Re: Revised "Range:" proposal

> Ari and I have agree on the following, and Ari will be submitting
> a revised draft-luotonen-http-url-byterange-XX.txt by the cutoff
> date (Thursday).

Here it goes once again.  Only the section 3.2 has changed.  Let me
know if you see anything odd.  I will submit it on Thursday to meet
the L.A. IETF deadline.

-- Cheers, Ari --

INTERNET-DRAFT                                              Ari Luotonen
Expires: August, 1996                Netscape Communications Corporation
                                                             John Franks
                                                 Northwestern University
<draft-ietf-http-range-retrieval-00.txt>               February 22, 1996


                 Byte Range Retrieval Extension to HTTP


STATUS OF THIS MEMO

   This document supersedes <draft-luotonen-http-url-byterage-02.txt>.
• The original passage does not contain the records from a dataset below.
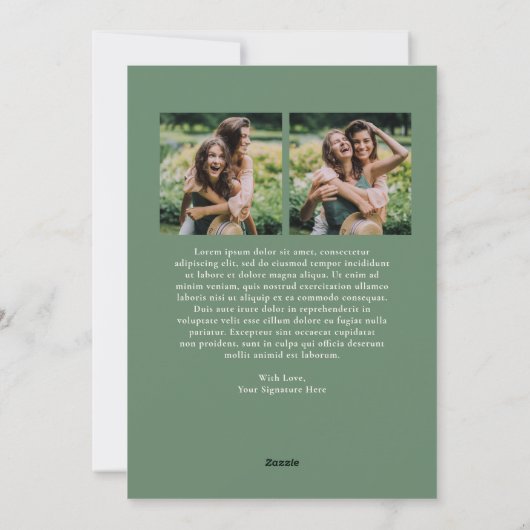 緑の素朴ギンガムアーチ写真クリスマモダンス シーズンカード (裏面)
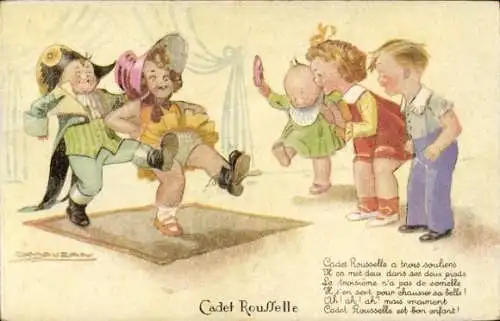 Künstler Ak Mauzan, Kinder tanzen, Junge in Napoleon Uniform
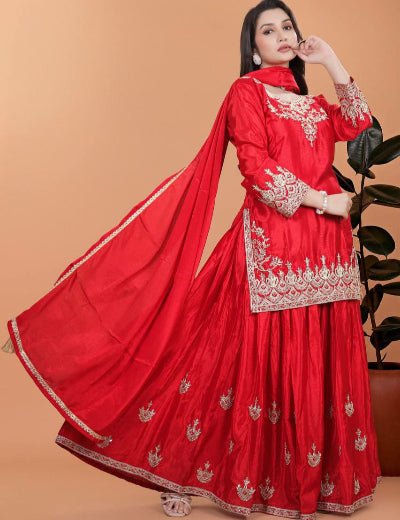 Hot Red Chinon Silk Embroidery Sharara Palazzo Suit Set - BONYHUBSALWAR KAMEEZ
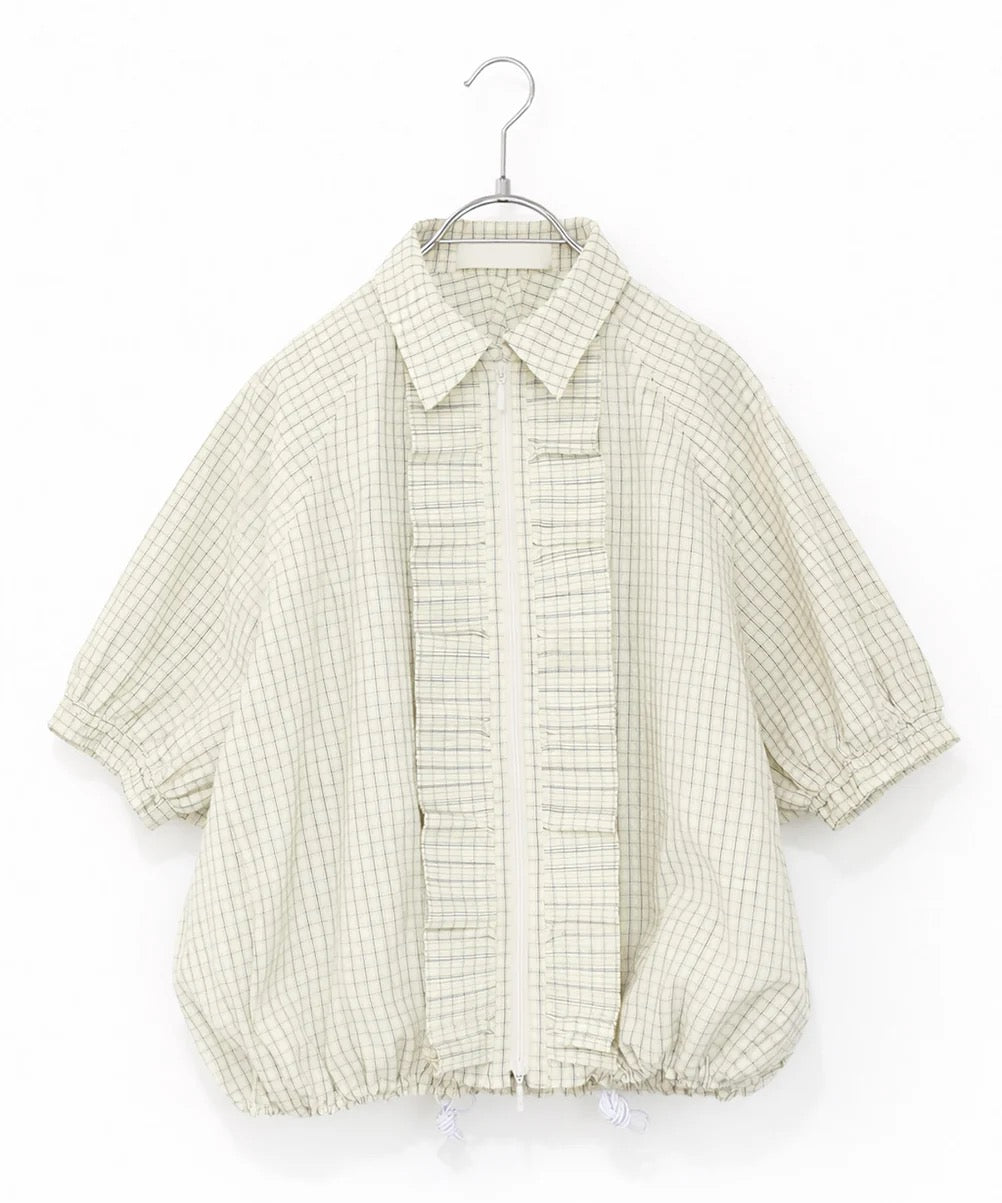 seersucker check pleats half sleeve blouson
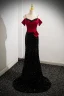 Chic / Belle Bordeaux Fleur Paillettes Satin Robe De Bal 2024 Trompette / Sirène Bretelles Spaghetti Sans Manches Dos Nu Train De Balayage Promo Robe De Ceremonie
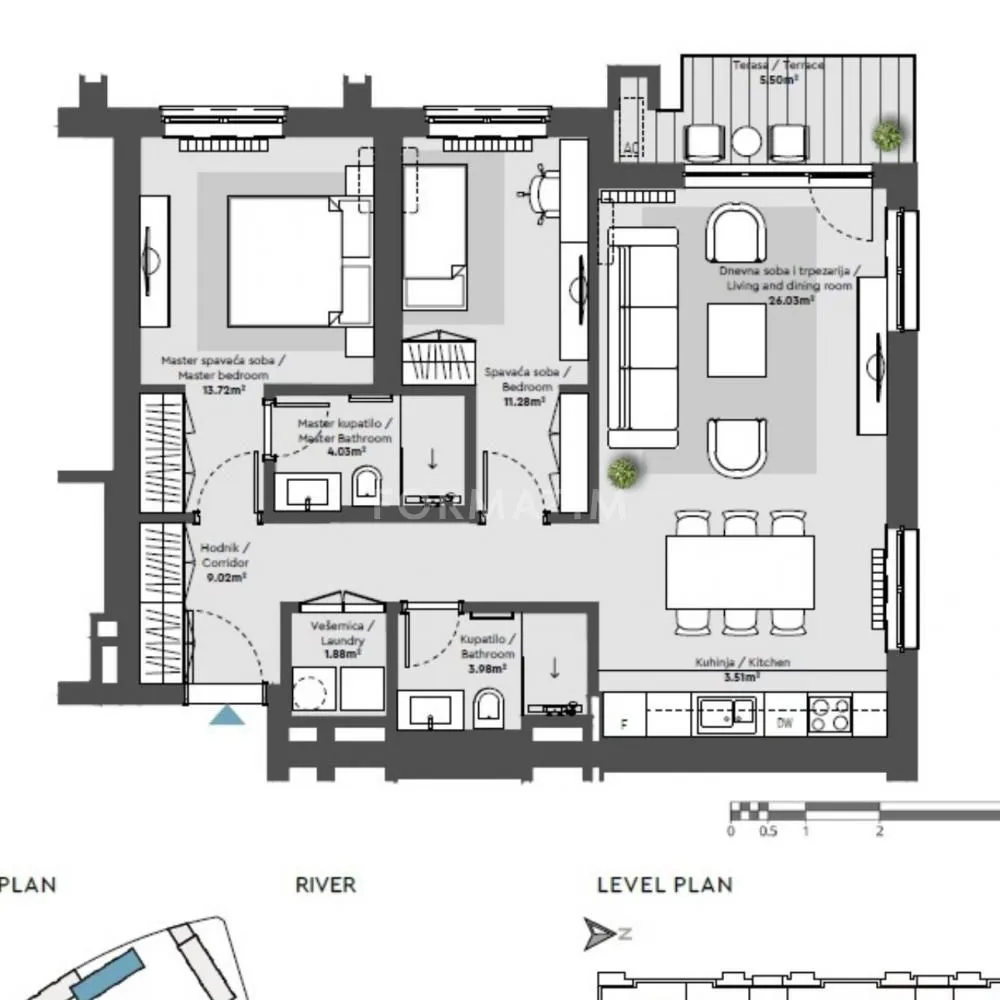 Sale, three bedroom apartment, 79m², Savski Venac, Beograd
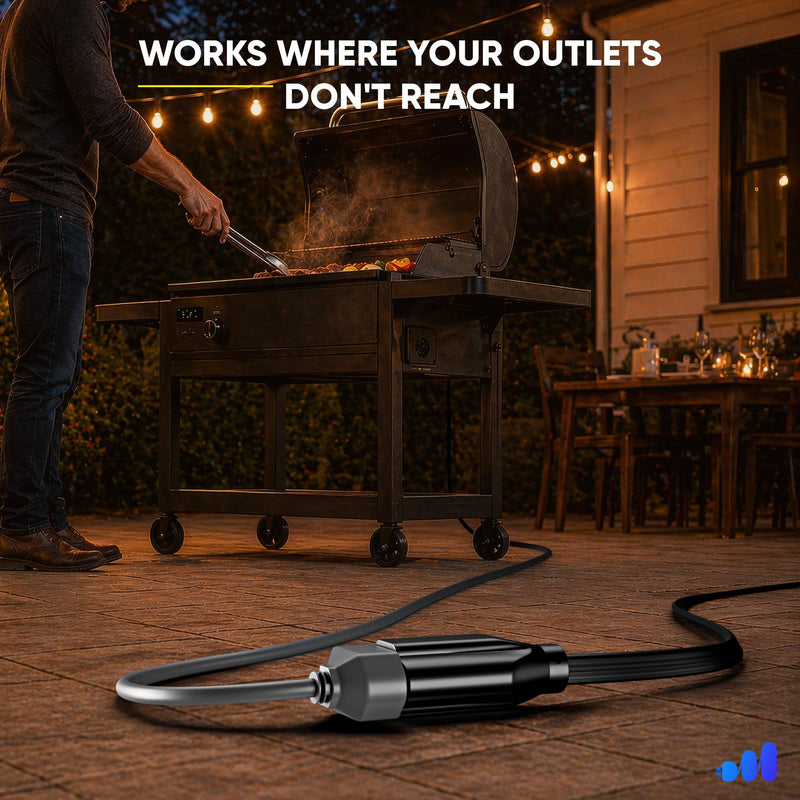 Maximm 14AWG 360° Rotating Flat Plug Extension Cord, Heavy Duty 3-Prong Grounded Power Strip, Slim, UL Certified, 1ft, Black 1 Foot 14 AWG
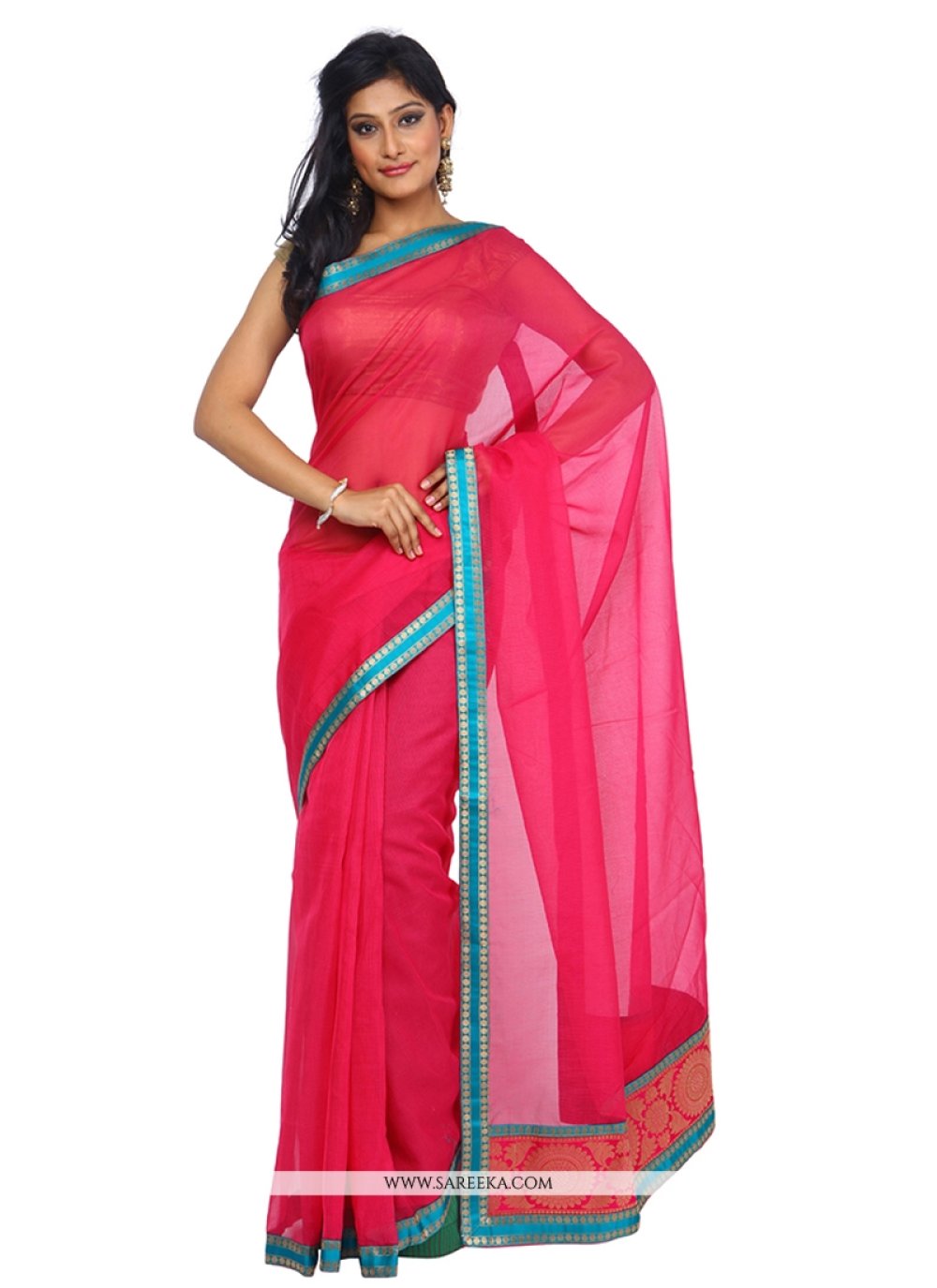 Buy Hot Pink Weaving Work Art Silk Classic Saree Online Singapore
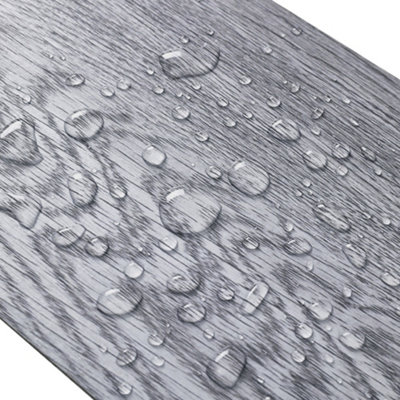 Set of 36 Grey Rustic Woodgrain Effect Self Adhesive Waterproof PVC Flooring Tile Covering 5m²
   A subgroup of the HTTP working group has developed this after several
   rounds of discussion. Some but not all parts of this proposal are
   currently implemented in commercial Web servers and browsers.

   This document is an Internet-Draft. Internet-Drafts are working
   documents of the Internet Engineering Task Force (IETF), its areas,
   and its working groups. Note that other groups may also distribute
   working documents as Internet-Drafts.

   Internet-Drafts are draft documents valid for a maximum of six months
   and may be updated, replaced, or obsoleted by other documents at any
   time. It is inappropriate to use Internet-Drafts as reference
   material or to cite them other than as ``work in progress.''

   To learn the current status of any Internet-Draft, please check the
   ``1id-abstracts.txt'' listing contained in the Internet-Drafts Shadow
   Directories on ftp.is.co.za (Africa), nic.nordu.net (Europe),
   munnari.oz.au (Pacific Rim), ds.internic.net (US East Coast), or
   ftp.isi.edu (US West Coast).


TABLE OF CONTENTS

   1.   Overview ................................................. 2

   2.   Accept-Ranges HTTP response header ....................... 3

   3.   Byte range HTTP request .................................. 3
   3.1. The Range HTTP request header ............................ 3
   3.2. Conditional Range retrievals.............................. 5

   4.   Byte range HTTP response ................................. 7
   4.1. 206 Partial Content status code .......................... 7
   4.2. The Content-Range HTTP response header ................... 8



Luotonen, Franks                                                [Page 1]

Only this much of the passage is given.